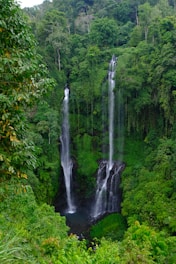 A large waterfall in the middle of a forest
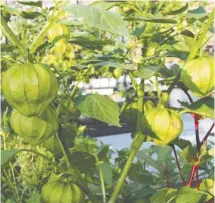  ?? LISE GOBEILLE ?? Les tomatillos du jardin de Pascale Félizat et de Philippe Chartier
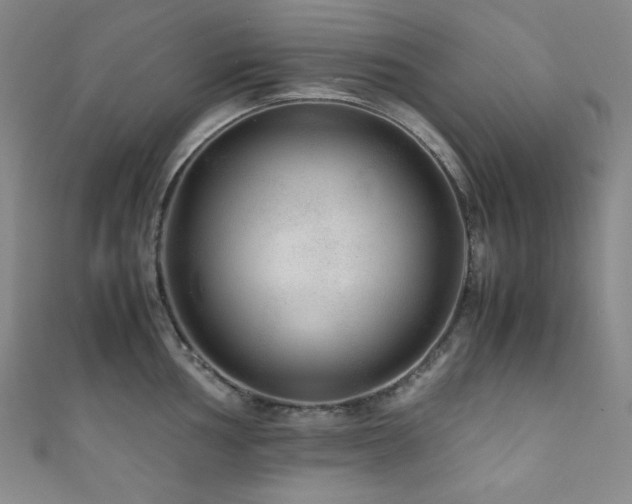 X0000111841002200907231404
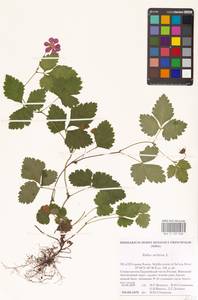 Малина арктическая, Княженика, Поленика L., Восточная Европа, Северный район (E1) (Россия)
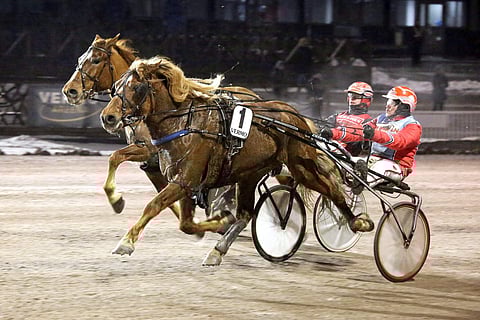 Toman Toivo voitti Vermossa Talvimeeting-karsinnan 22.1.2025. Harri Koivunen ja Toman Toivo tulevat hyvin juttuun kaviouralla.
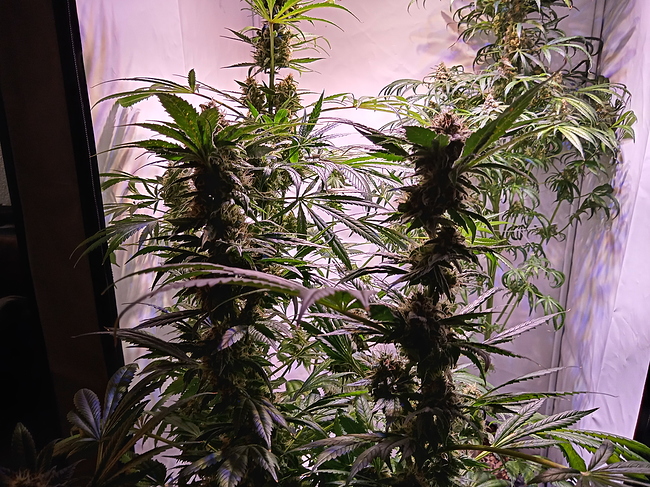 Growreport Bild 8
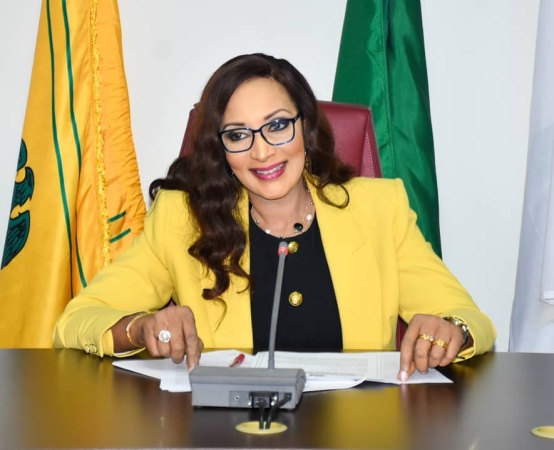 PFIPC probe: Bianca Ojukwu, FRSC boss, other to appear before Reps’ panel, Thursday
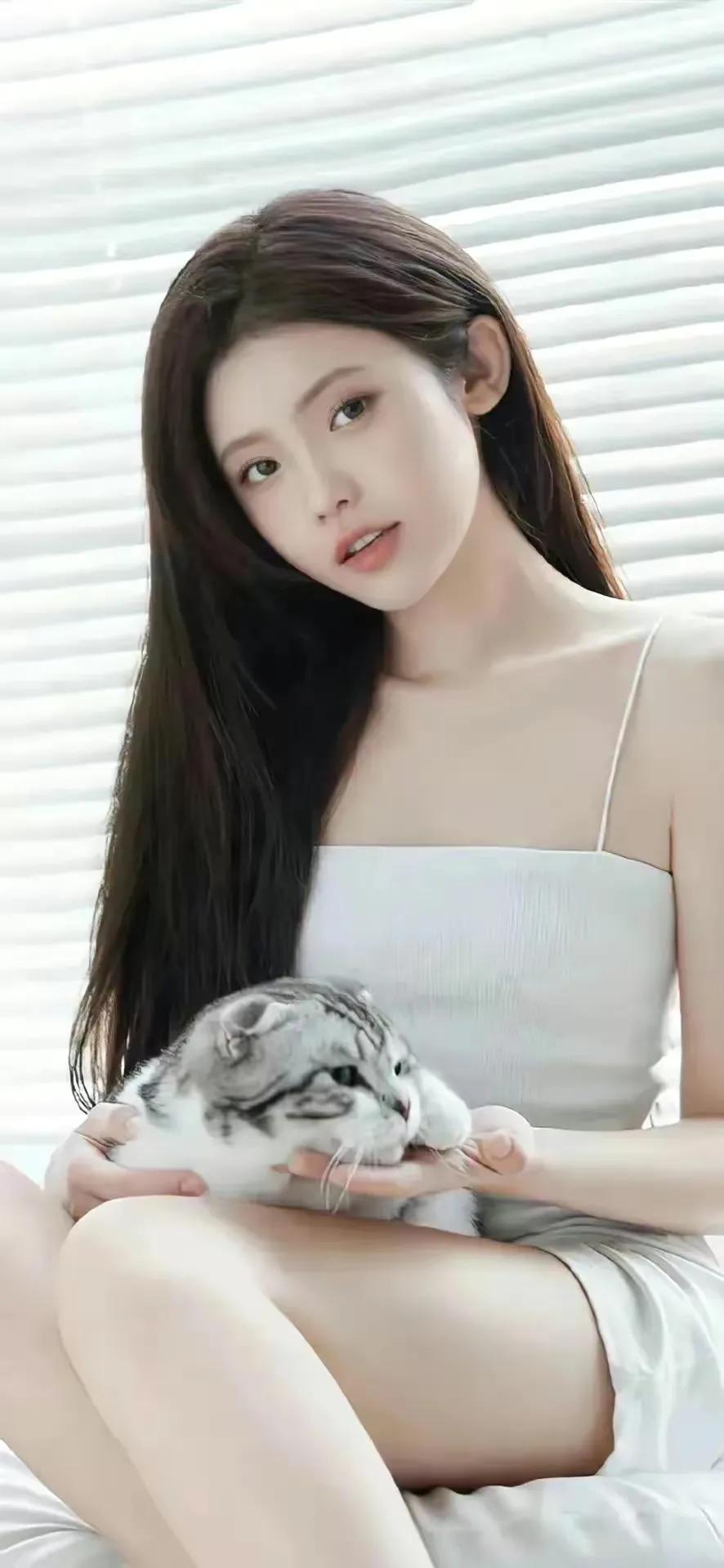 谁比烟花寂寞视频,谁比烟花寂寞沈晨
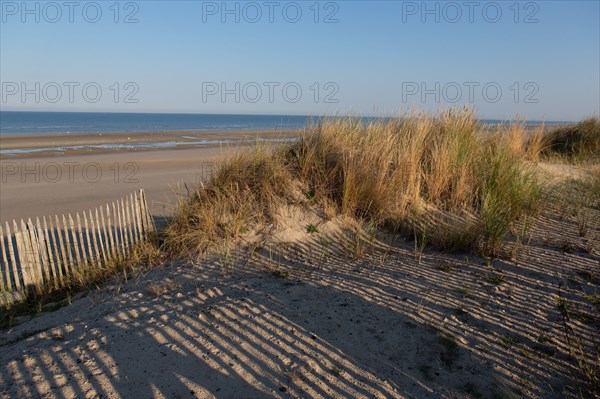 Merlimont Plage, dune on the seafront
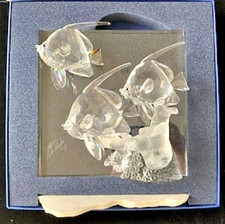 Swarovski Crystal Wonders of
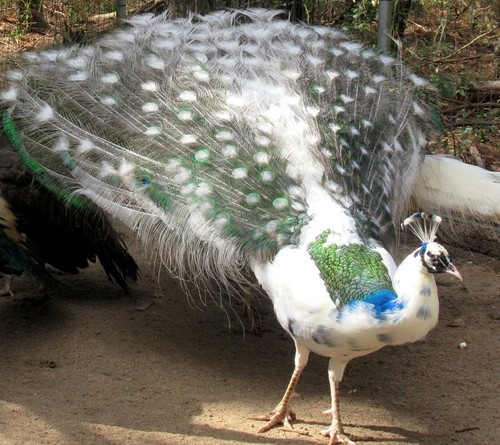 India blue silver pied - blue,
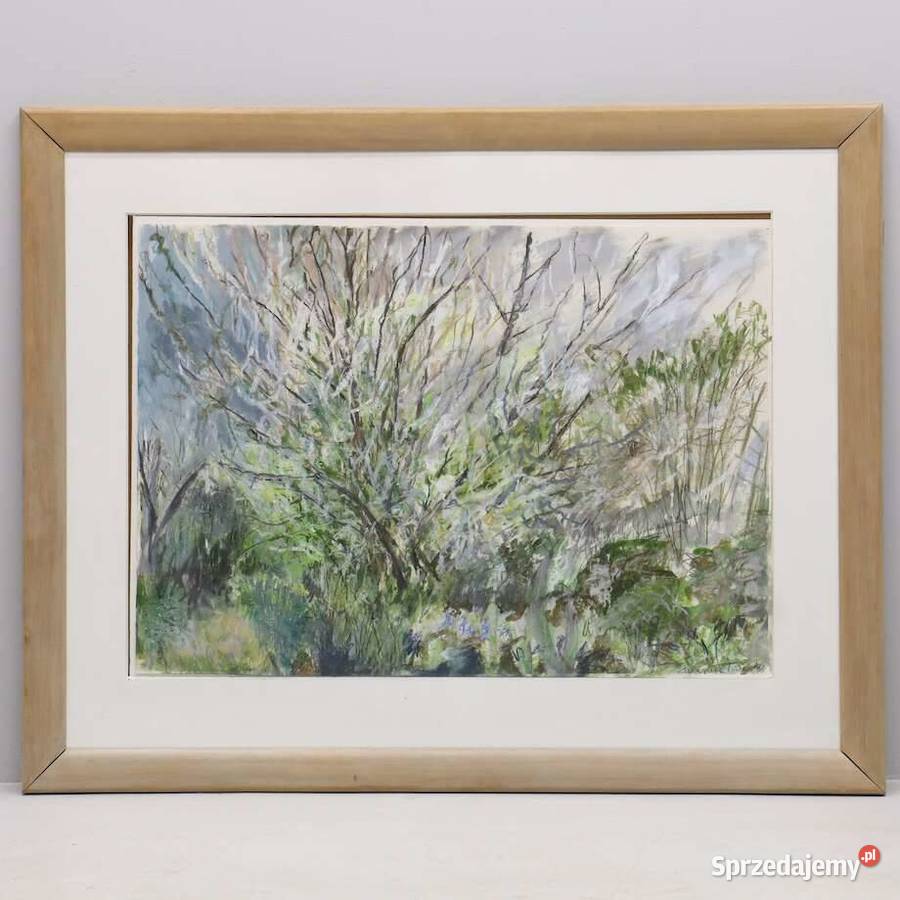 Akwarela artystki Jacquie Turner Anglia natura wielkopolskie Piła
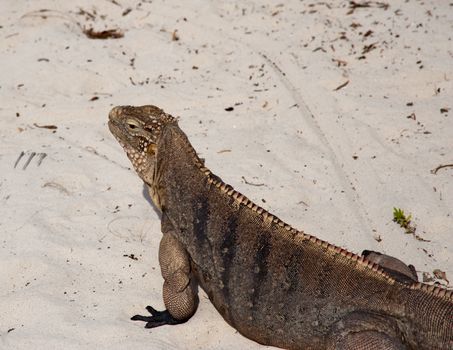 Green rock iguana on Little Cayman island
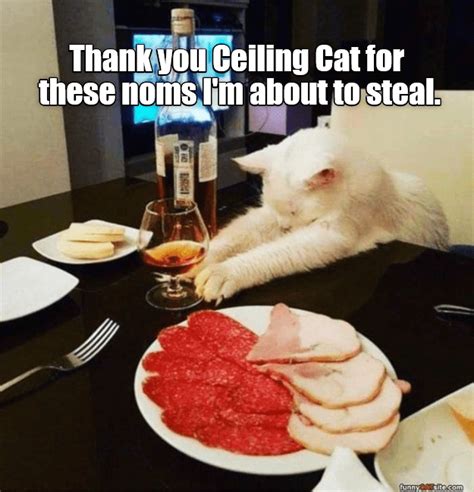 I made you a cookie but i eated it, ceiling cat is watching you masturbate, and i see what you did there are good examples of lolcats. Thank you Ceiling Cat in 2020 | Cats, Funny cat memes, Cat ...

======

= Task =
Only the lines from the line that contains "Toman Toivo voitti" through the end of the entries are to be written out, exactly and without pictures, both ends included.

= Exercise solution =
 Toman Toivo voitti Vermossa Talvimeeting-karsinnan 22.1.2025. Harri Koivunen ja Toman Toivo tulevat hyvin juttuun kaviouralla.
 Growreport Bild 8
 PFIPC probe: Bianca Ojukwu, FRSC boss, other to appear before Reps’ panel, Thursday
 谁比烟花寂寞视频,谁比烟花寂寞沈晨
 Merlimont Plage, dune on the seafront
 Swarovski Crystal Wonders of
 India blue silver pied - blue,
 Akwarela artystki Jacquie Turner Anglia natura wielkopolskie Piła
 Green rock iguana on Little Cayman island
 I made you a cookie but i eated it, ceiling cat is watching you masturbate, and i see what you did there are good examples of lolcats. Thank you Ceiling Cat in 2020 | Cats, Funny cat memes, Cat ...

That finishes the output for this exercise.